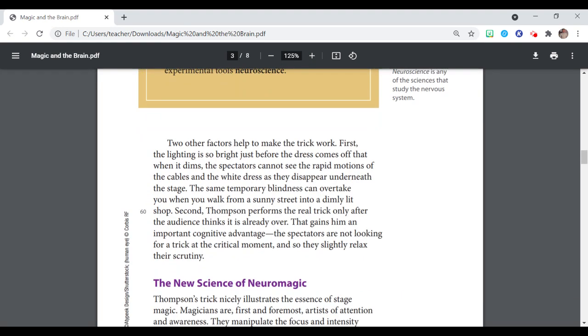Two other factors help to make the trick work. First, the lighting is so bright just before the dress comes off that when it dims, the spectators cannot see the rapid motions of the cables and the white dress as they disappear underneath the stage. The same temporary blindness can overtake you when you walk from a sunny street into a dimly-lit shop. Second, Thompson performs the real trick only after the audience thinks it's already over. That gains him an important cognitive advantage. The spectators are not only looking for a trick at the critical moment and so they slightly relax their scrutiny.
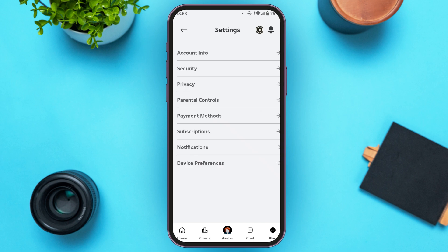Now Settings will be opened. You can see several settings options over here. At the second last option you'll be able to see the option for Notifications. All you have to do is tap on it.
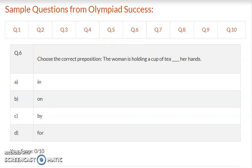Question 6: Choose the correct preposition. The woman is holding a cup of tea dash her hands. Option A – in, option B – on, option C – by, option D – for. Write the correct answer.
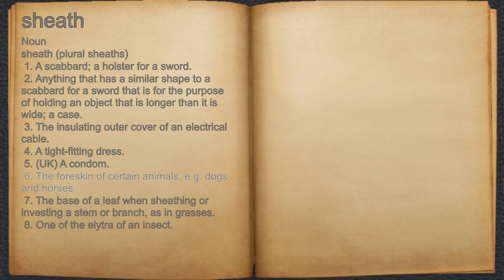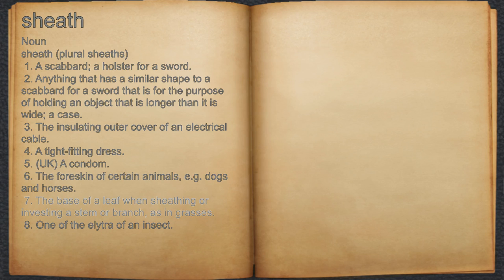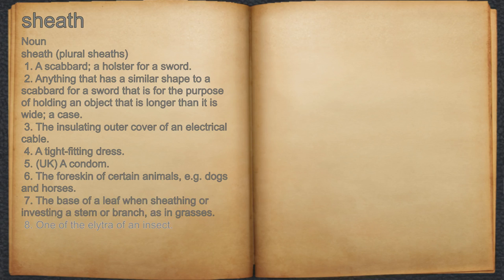6. The foreskin of certain animals, e.g. dogs and horses. 7. The base of a leaf when sheathing or investing a stem or branch, as in grasses. 8. One of the elytra of an insect.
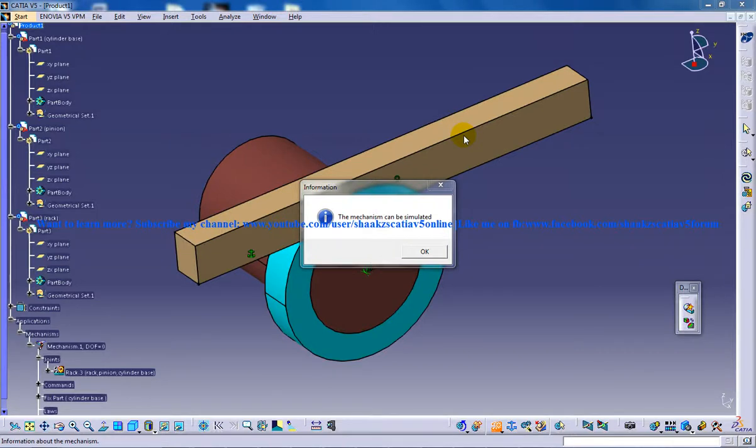Hi, this is Mohammed Shakeel here and in this tutorial series I'll be showing you how you can work with the rack and pinion mechanism in the CATIA V5 in the DMU Kinematics Workbench.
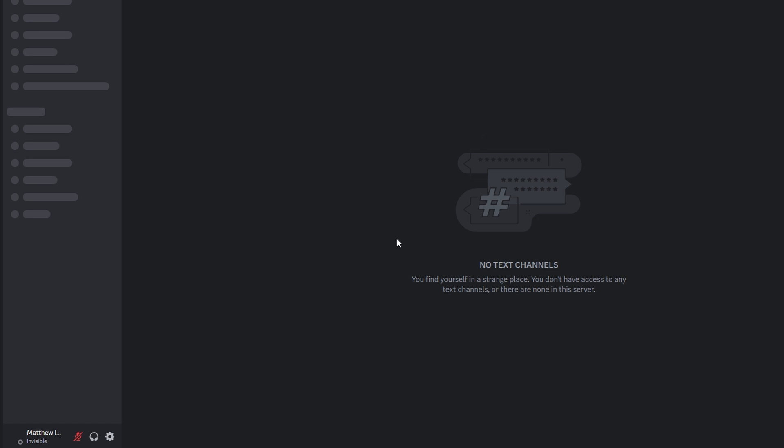In today's video I'm going to show you how to prevent Discord from showing a song you are playing on Spotify.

- Work to be completed:
What you write must match, line for line, the records from the line containing "Question 6: Choose" through the last line, with every picture left out.

- Answer box:
Question 6: Choose the correct preposition. The woman is holding a cup of tea dash her hands. Option A – in, option B – on, option C – by, option D – for. Write the correct answer.
6. The foreskin of certain animals, e.g. dogs and horses. 7. The base of a leaf when sheathing or investing a stem or branch, as in grasses. 8. One of the elytra of an insect.
Hi, this is Mohammed Shakeel here and in this tutorial series I'll be showing you how you can work with the rack and pinion mechanism in the CATIA V5 in the DMU Kinematics Workbench.
In today's video I'm going to show you how to prevent Discord from showing a song you are playing on Spotify.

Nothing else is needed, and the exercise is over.